* _EXERCISE GOAL_
Would you reproduce the whole listing exactly, minus its images?

* _DATASET CONTENT_
════════

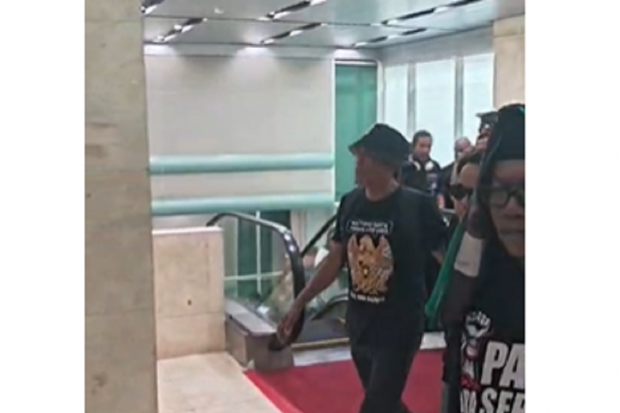 Aliansi Masyarakat Pati Bersatu atau AMPB Supriyono alias Botok (topi hitam) di Gedung Dewan Perwakilan Rakyat (DPR), Jakarta, Kamis (27/8).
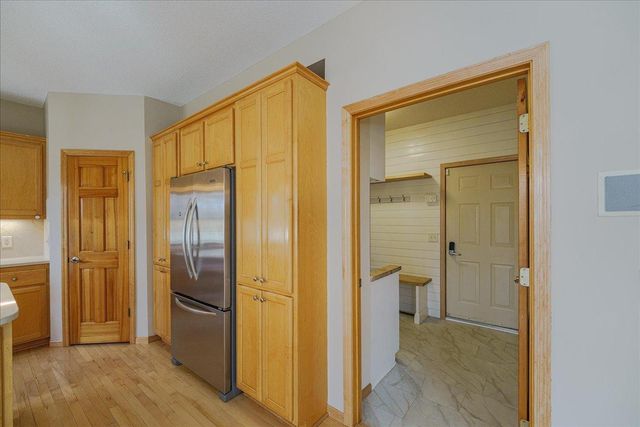 3959 Arlington Drive, Woodbury, MN 55129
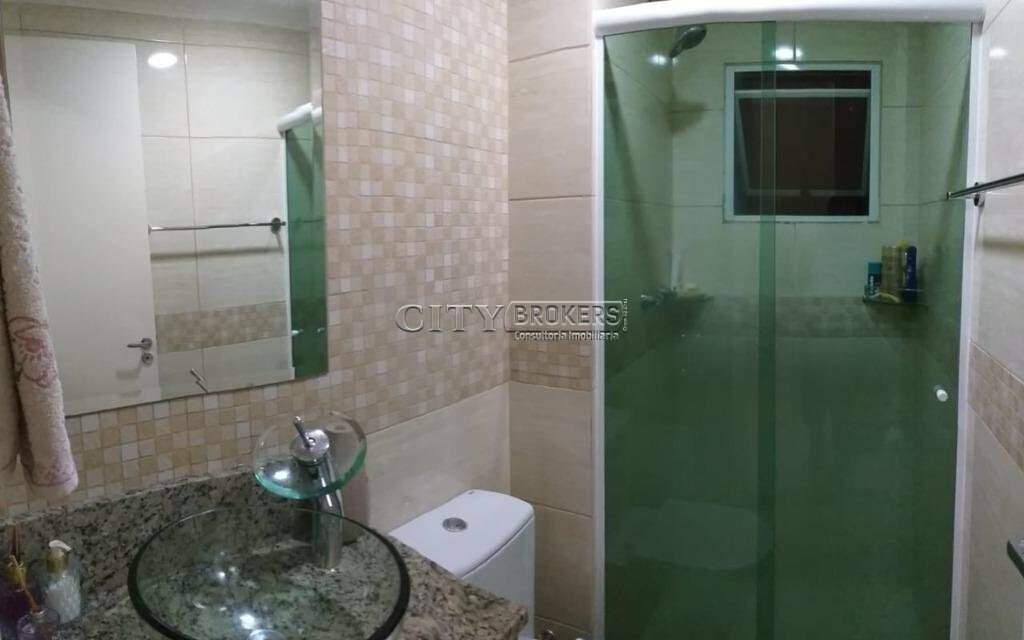 Apartamento à venda com 2 quartos, 47m² - Foto 2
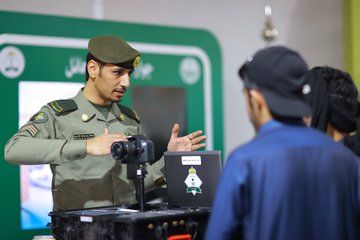 الجوازات تشارك في المعرض المصاحب لفعاليات رالي حائل الدولي 2026 الجوازات تشارك في المعرض المصاحب لفعاليات رالي حائل الدولي 2026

════════

* _TASK RESPONSE_
 Aliansi Masyarakat Pati Bersatu atau AMPB Supriyono alias Botok (topi hitam) di Gedung Dewan Perwakilan Rakyat (DPR), Jakarta, Kamis (27/8).
 3959 Arlington Drive, Woodbury, MN 55129
 Apartamento à venda com 2 quartos, 47m² - Foto 2
 الجوازات تشارك في المعرض المصاحب لفعاليات رالي حائل الدولي 2026 الجوازات تشارك في المعرض المصاحب لفعاليات رالي حائل الدولي 2026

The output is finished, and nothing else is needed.